* **Dataset records**:
┌────────
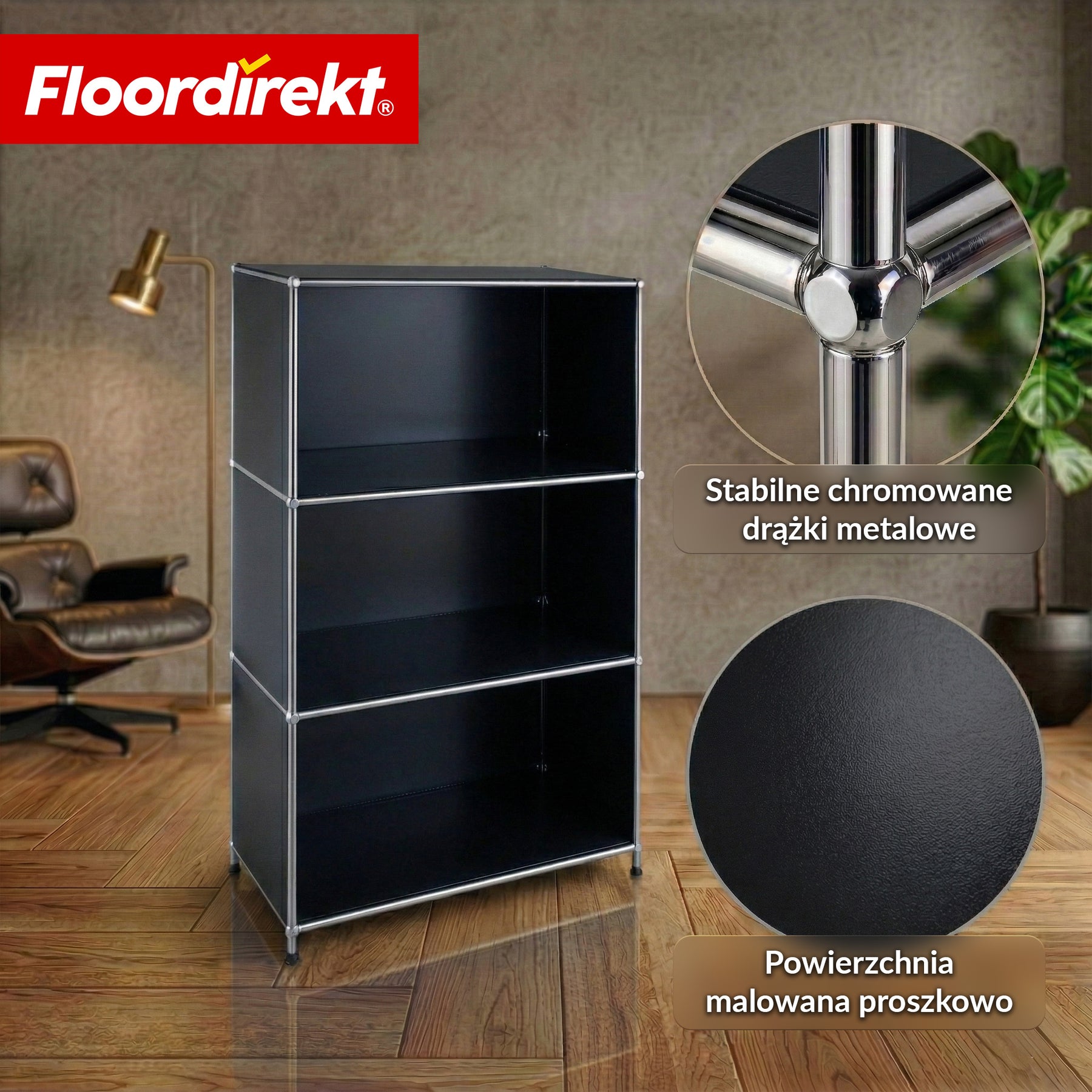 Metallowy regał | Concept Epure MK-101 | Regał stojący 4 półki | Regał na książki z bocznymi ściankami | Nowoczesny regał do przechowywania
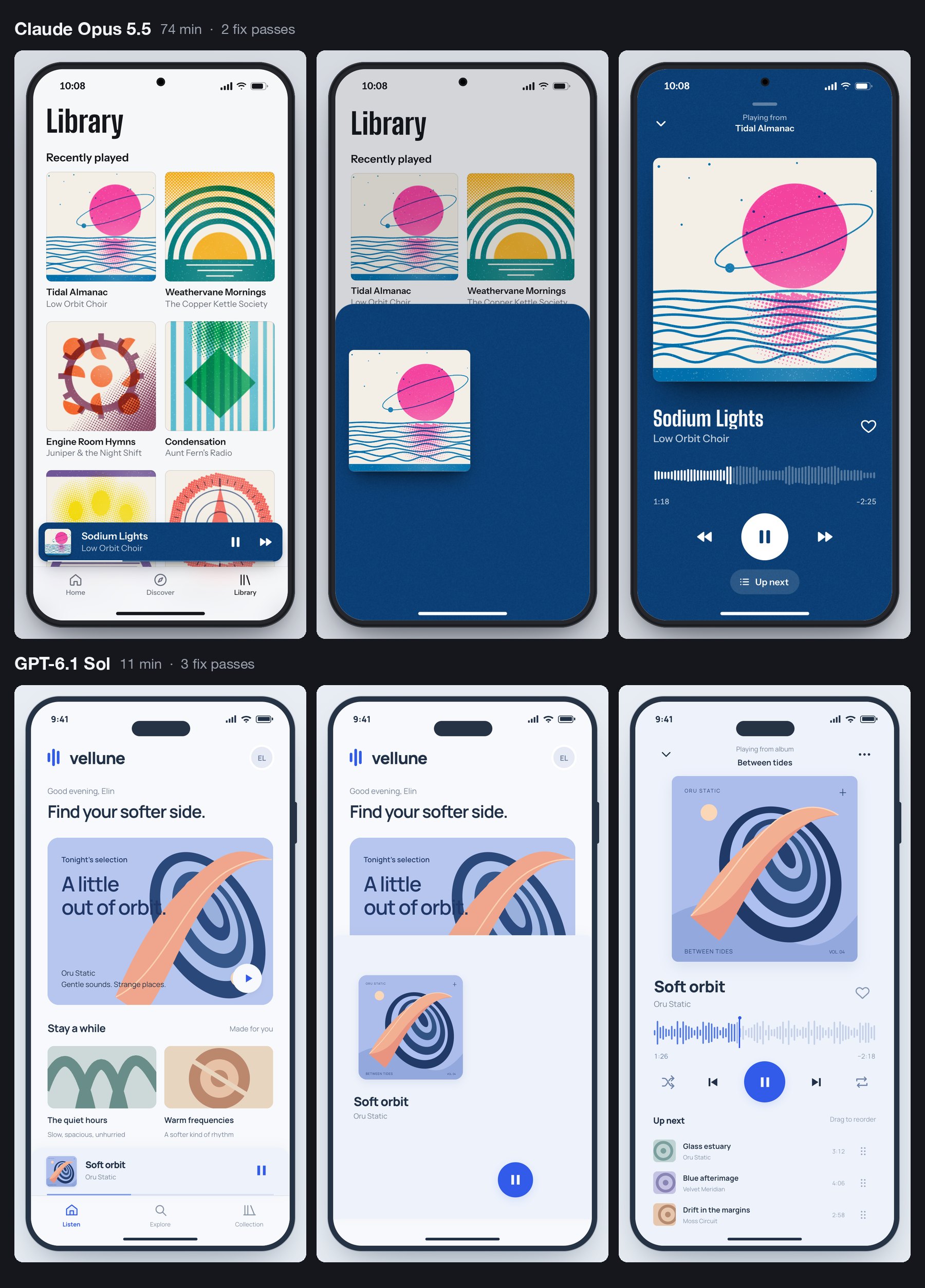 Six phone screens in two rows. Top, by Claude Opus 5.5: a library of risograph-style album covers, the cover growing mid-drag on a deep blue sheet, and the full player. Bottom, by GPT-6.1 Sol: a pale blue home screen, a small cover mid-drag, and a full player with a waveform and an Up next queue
└────────
┌────────
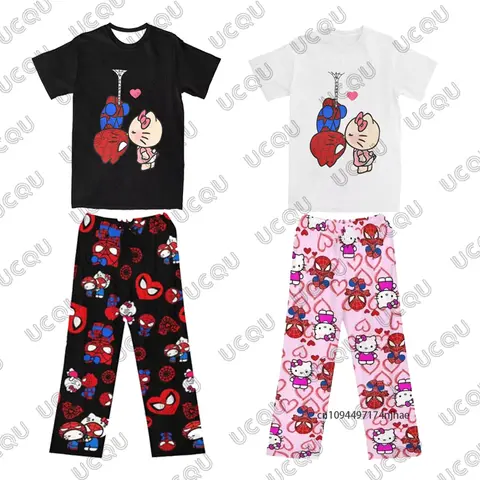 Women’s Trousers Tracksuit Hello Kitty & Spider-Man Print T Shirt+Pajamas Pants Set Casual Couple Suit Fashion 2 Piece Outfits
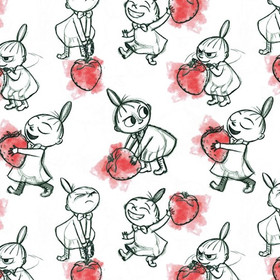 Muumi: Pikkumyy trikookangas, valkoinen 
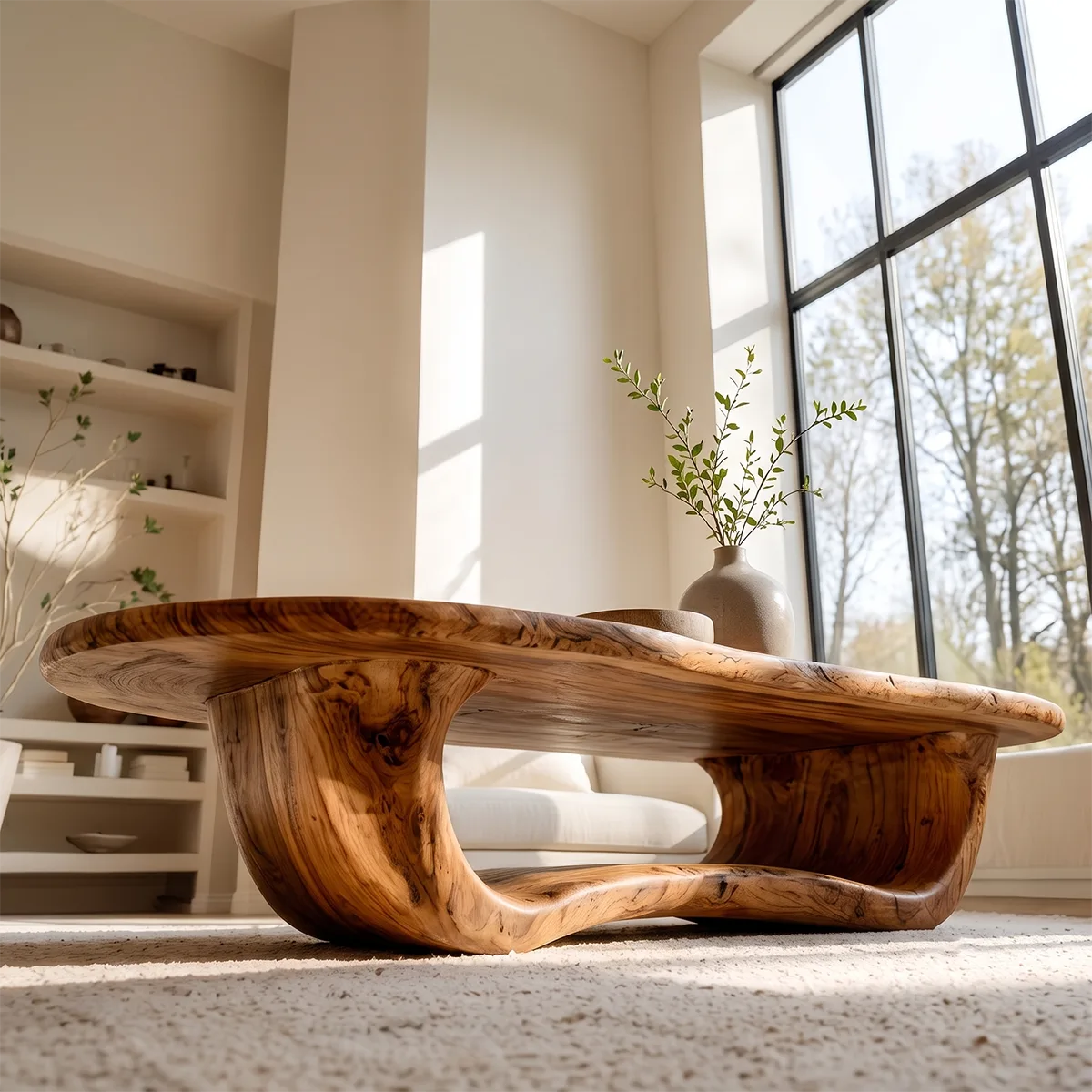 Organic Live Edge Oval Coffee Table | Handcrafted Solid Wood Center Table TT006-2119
└────────
* **Task requirements**: Would you print exactly the lines in the listing above, from the line bearing "Metallowy regał |" through the line bearing "Six phone screens", leaving out all pictures?

* **Response to the exercise**:
 Metallowy regał | Concept Epure MK-101 | Regał stojący 4 półki | Regał na książki z bocznymi ściankami | Nowoczesny regał do przechowywania
 Six phone screens in two rows. Top, by Claude Opus 5.5: a library of risograph-style album covers, the cover growing mid-drag on a deep blue sheet, and the full player. Bottom, by GPT-6.1 Sol: a pale blue home screen, a small cover mid-drag, and a full player with a waveform and an Up next queue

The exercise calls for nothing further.